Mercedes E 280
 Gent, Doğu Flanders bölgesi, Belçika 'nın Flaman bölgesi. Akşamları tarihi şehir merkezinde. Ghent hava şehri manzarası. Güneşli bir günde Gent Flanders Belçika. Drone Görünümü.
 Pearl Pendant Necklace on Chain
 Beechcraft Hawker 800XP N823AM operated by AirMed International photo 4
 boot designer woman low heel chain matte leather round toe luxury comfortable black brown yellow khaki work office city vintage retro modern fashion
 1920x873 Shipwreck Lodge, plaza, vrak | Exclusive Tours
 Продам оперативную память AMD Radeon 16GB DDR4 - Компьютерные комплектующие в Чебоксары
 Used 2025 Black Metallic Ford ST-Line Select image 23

···

• **WHAT IS BEING ASKED**:
An exact copy of every line from the one containing "Продам оперативную память" through the last line of the entries is required; please add nothing.

• **RESPONSE**:
 Продам оперативную память AMD Radeon 16GB DDR4 - Компьютерные комплектующие в Чебоксары
 Used 2025 Black Metallic Ford ST-Line Select image 23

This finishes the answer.